RIDERS OF THE PURPLE SAGE
"Lassiter—I'll love you—spare him!"
"No!"
She sprang up in despairing, breaking spirit, and encircled his neck with her arms, and held him in an embrace that he strove vainly to loosen. "Lassiter, would you kill me? I'm fighting my last fight for the principles of my youth—love of religion, love of father. You don't know—you can't guess the truth, and I can't speak it! I'm losing all. I'm changing. All I've gone through is nothing to this hour. Pity me—help me in my weakness. You're strong again—oh, so cruelly, coldly strong! You're killing me—I see you—feel you as some other Lassiter! My master, be merciful—spare him!"

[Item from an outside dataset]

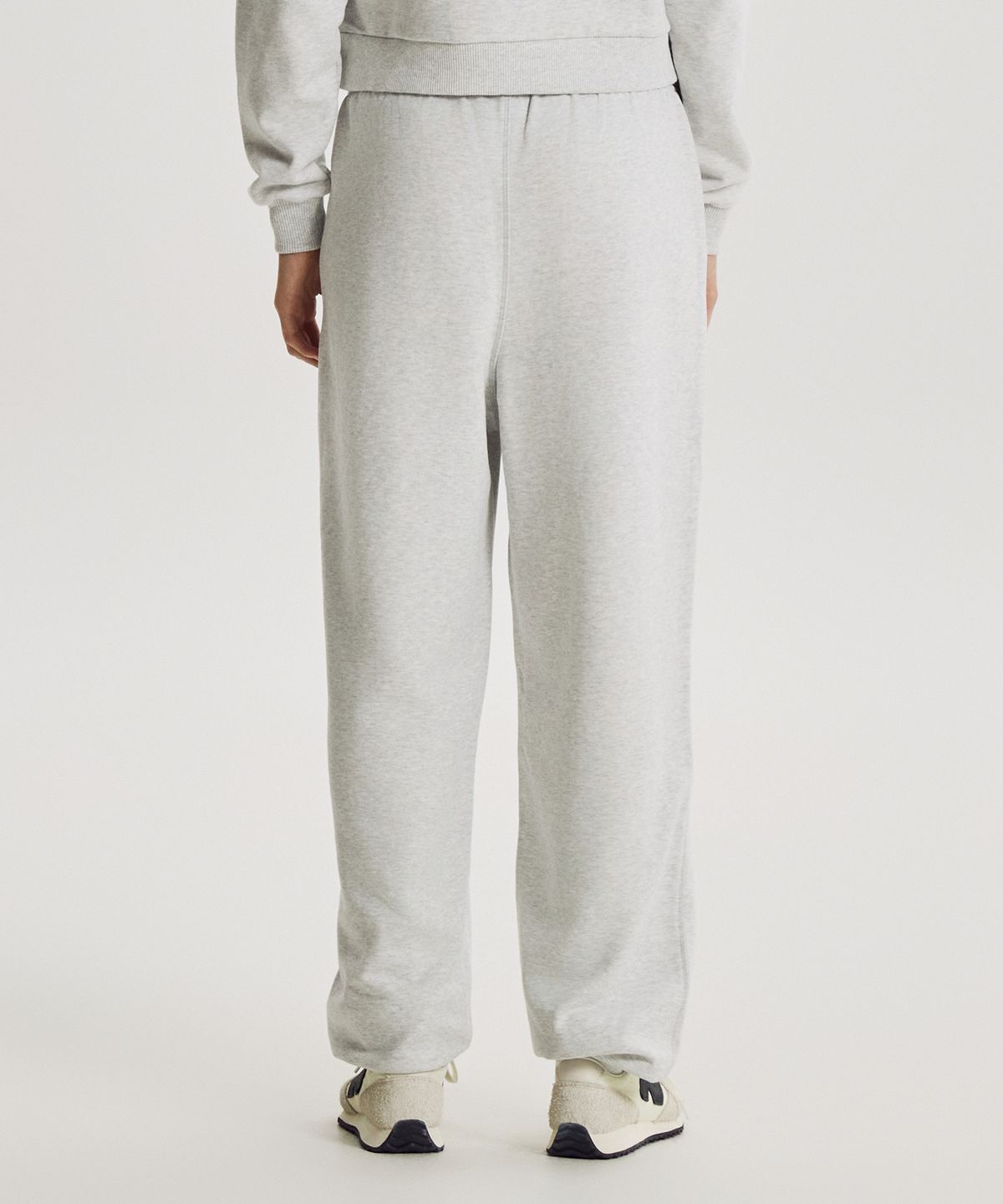 뉴발란스(NEW BALANCE) NBMLG4V812 / WOMEN 프리미엄 에센셜 조거팬츠 (L/GRAY)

His answer was a ruthless smile.
She clung the closer to him, and leaned her panting breast on him, and lifted her face to his. "Lassiter, I do love you! It's leaped out of my agony. It comes suddenly with a terrible blow of truth. You are a man! I never knew it till now. Some wonderful change came to me when you buckled on these guns and showed that gray, awful face. I loved you then. All my life I've loved, but never as now. No woman can love like a broken woman. If it were not for one thing—just one thing—and yet! I can't speak it—I'd glory in your manhood—the lion in you that means to slay for me. Believe me—and spare Dyer. Be merciful—great as it's in you to be great. . . . Oh, listen and believe—I have nothing, but I'm a woman—a beautiful woman, Lassiter—a passionate, loving woman—and I love you! Take me—hide me in some wild place—and love me and mend my broken heart. Spare him, and take me away."
She lifted her face closer and closer to his, until their lips nearly touched, and she hung upon his neck, and with strength almost spent pressed and still pressed her palpitating body to his.